Tampinhas, papel de bala…

Outro lixo comum de se ver descartado incorretamente pela cidade são os papeis de bala, tampinhas de garrafas. Como se pequenos resíduos não prejudicassem desde a estética da cidade até a fluidez das águas pluviais. Quando é feita a limpeza de bocas de lobo, por exemplo, a maior parte do lixo encontrado é de pequenos objetos, entupindo bueiros e causando alagamentos na cidade.

Novamente, é importante questionar o consumo de itens não saudáveis. Além de gerar resíduos em excesso, balas, refrigerantes, sucos industrializados, salgadinhos em pacotes ou bolachas contém açúcar em excesso, fazem mal ao organismo. Reduzir o consumo traz economia e preserva a saúde.

Vale lembrar que muitos desses itens são recicláveis – como as tampinhas, garrafas, papéis limpos, latinhas e outros objetos de metal, plástico, papel limpo e vidro.

Ainda que esteja pela rua, guarde esses itens em uma bolsa ou sacola e, ao chegar em casa, junte a outros itens recicláveis. Para saber a data e o horário em que a coleta acontece em sua rua, basta acessar: www.ecourbis.com.br/coleta/index.html

Importante ainda apontar que, ao substituir itens artificiais por produtos naturais, como frutas e alimentos feitos em casa, a regra permanece: não jogue cascas, sementes ou qualquer tipo de sobra pelas ruas. Restos de alimentos, o chamado resíduos orgânico, devem ser descartados no lixo comum ou colocado em composteiras domésticas.

Para saber o horário em que a coleta de lixo tradicional é feita em sua rua, acesse também o site www.ecourbis.com.br/coleta/index.html

A concessionária Ecourbis Ambiental é responsável pela coleta doméstica e seletiva nas zonas sul e leste da capital.

Plástico descartável

A pandemia da Covid-19 intensificou um problema que vem se acumulando há, pelo menos, 70 anos, que é a produção e o descarte de plásticos. O relatório Atlas do Plástico, publicado pela Fundação alemã Heinrich Böll, chama a atenção para o aumento do consumo de plásticos na pandemia, seja por conta das entregas de alimentos em casa, que cresceram com o isolamento social, seja pelo consumo de máscaras descartáveis.

Segundo a ABRELPE, a associação brasileira de empresas de limpeza pública e resíduos especiais, houve um aumento de 25% a 30% na coleta de materiais recicláveis durante a pandemia. O problema é que, no Brasil, se recicla apenas 1% dos 11 milhões de toneladas de plásticos produzidos por ano. Para efeito de comparação, esse índice chega a 97% no caso das latas de alumínio.

O atlas do plástico destaca ainda que o Brasil é o quarto maior produtor de lixo plástico do mundo, o que representa 13% do total dos resíduos sólidos produzidos anualmente pelo país, segundo o Sindicato Nacional das Empresas de Limpeza Urbana.

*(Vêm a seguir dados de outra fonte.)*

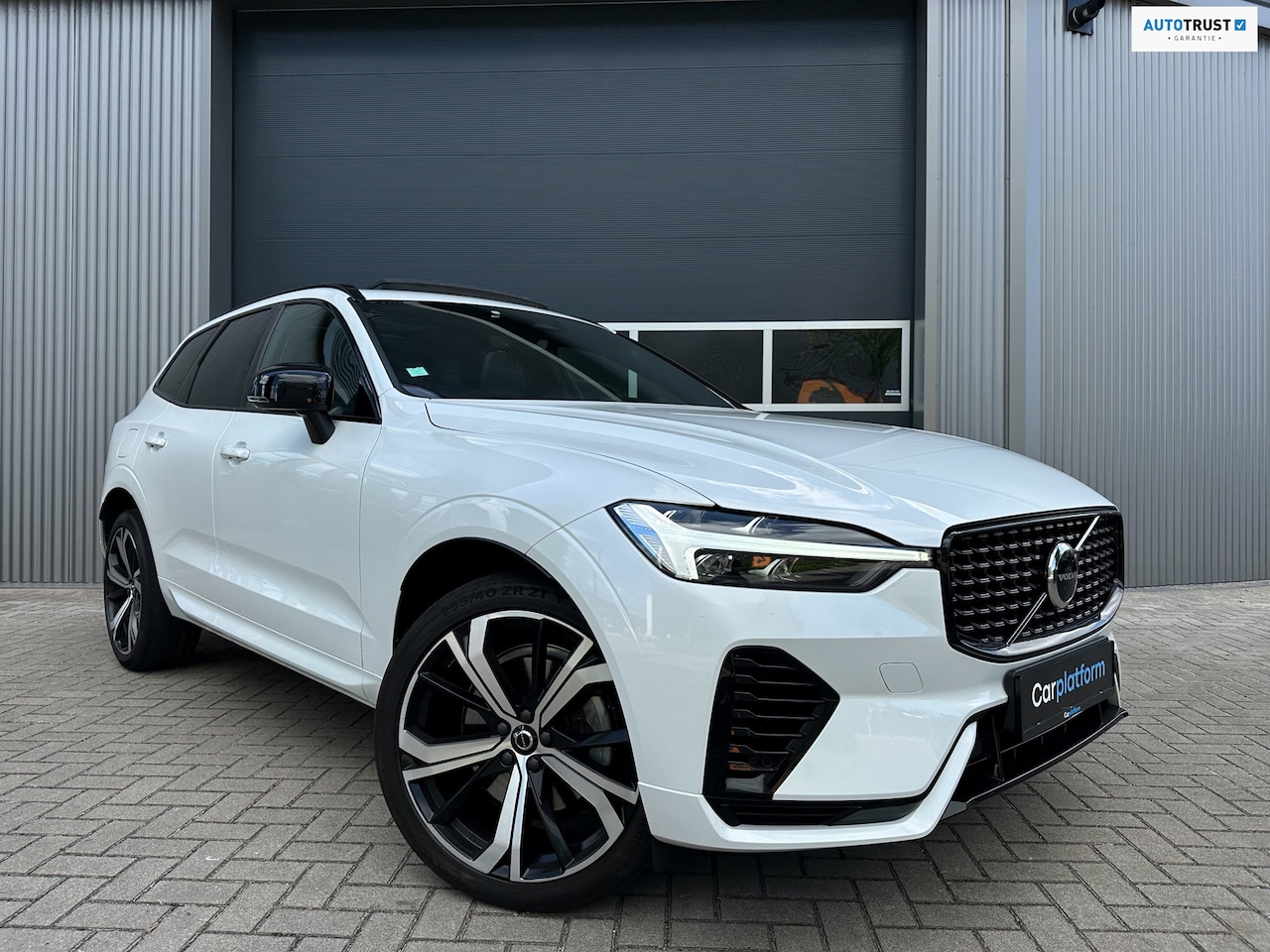 Volvo XC60 - 2.0 T6 Plug-in hybrid AWD Inscription Exclusive | Pano | Camera | Memory - AutoWereld.nl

Esse aumento, entretanto, não se refletiu em crescimento equivalente de plástico enviado para a reciclagem. Embora a adesão à coleta seletiva venha crescendo paulatinamente e a cidade mantenha centrais de triagem, coleta domiciliar e parceria com cooperativas, boa parte da população descartou no lixo comum o plástico de uso único – copos e embalagens plásticas em gera. Ou seja, em vez de voltar à economia por meio da reciclagem, novos itens plásticos precisam ser produzidos porque os já usados acabaram em aterros ou, pior ainda, foram descartados de forma irregular e acabaram em córregos, ruas, piscinões, bueiros…

O momento deve levar à reflexão, portanto, não só sobre a possibilidade de reduzir o uso do plástico, quando for possível. Mas, essencialmente de que o plástico faz parte do cotidiano da sociedade moderna e que, por isso, é preciso reaproveita-lo sempre que possível, reciclá-lo quando não dá para reaproveitar e nunca descartar incorretamente.